Не вызвал бы меня командир взвода и я бы тоже попал под снаряд, чем бы дело кончилось неизвестно. Два подряд таких случая. Первый раз снаряд попал под нашу землянку.  Но он не взорвался. Мы чудом остались живы, а если бы взорвался, всех бы разнесло на куски. Так бывает на фронте, кругом убивает, а ты идешь, как заговоренный, тебя ни пули, ни осколки не берут. Таких называли счастливчиками. Принесли завтрак. Мы по быстрому покушали.
 Началась артиллеристская двухчасовая канонада, со всех видов артиллерии малой и большой. Нам было приказано на каждый ствол выпустить по 800 шт. снарядов. Стволы от выстрелов так накалились, что невозможно было дотронуться до них, были красные. Стоял сплошной гул, ничего не было слышно. Команды передавались взмахом рук, а количество снарядов показывали на пальцах.
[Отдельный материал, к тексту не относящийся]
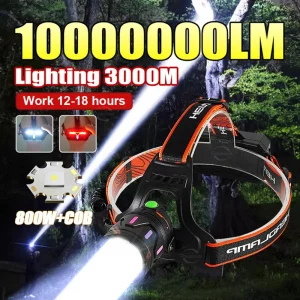 Powerful Rechargeable LED Headlamp Telescopic Zoomable Headlight Outdoor Fishing Waterproof Work Head Lamp High Lumen Head Torch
На территории противника стояла сплошная дымовая завеса от взрывов снарядов. Немцы почти не смогли не одного выстрела сделать. Вся передняя линия его обороны была накрыта огнем и так же все его огневые точки, артиллеристские батареи были разрушены.
За период  артподготовки наша пехота приблизилась вплотную к немецкой линии обороны. И, как только канонада закончилась, появились в воздухе наши самолеты, на бреющем полете сбрасывали бомбы на еще недобитых фашистов, а затем вперед рванули наши танкисты, которые ждали сигнала, и вся эта махина двинулась на врага вместе с пехотой, которая лежала, ожидая танки. А вслед им играла походный марш дивизионная из политотдела машина, специально подготовленная к этому.
 Такой организованности и такой мощи, что была под Оршей, мы еще не видели.
Немцы совершенно были ошарашены таким ударом. Первая линия обороны была прорвана сходу. Немцы, оставшиеся в живых, не оказали никакого сопротивления, все тряслись от страха.
 И только на третьей линии обороны им удалось наши подразделения остановить. Завязались кровопролитные бои с обеих сторон. Мы стремились прорвать оборону, а они держались, дрались упорно. Днем и ночью шли бои. В нашем полку были большие потери. Наш батальон почти был полностью разбит. Немцы закрепились.
Командир полка попросил огоньку у артиллеристов, чтобы поддержать пехоту в наступлении. Командир батальона, как потом, оказалось, был пьян, он поднял батальон и повел его в атаку на немцев. А в это наши артиллеристы, по просьбе командира полка, открыли огонь по переднему краю противника, и все снаряды угодили по своим. Много было убитых и раненых. Штаб батальона во главе с комбатом тоже были убиты. Такая халатность была по войне, по вине некоторых командиров самодуров погибали люди без причины.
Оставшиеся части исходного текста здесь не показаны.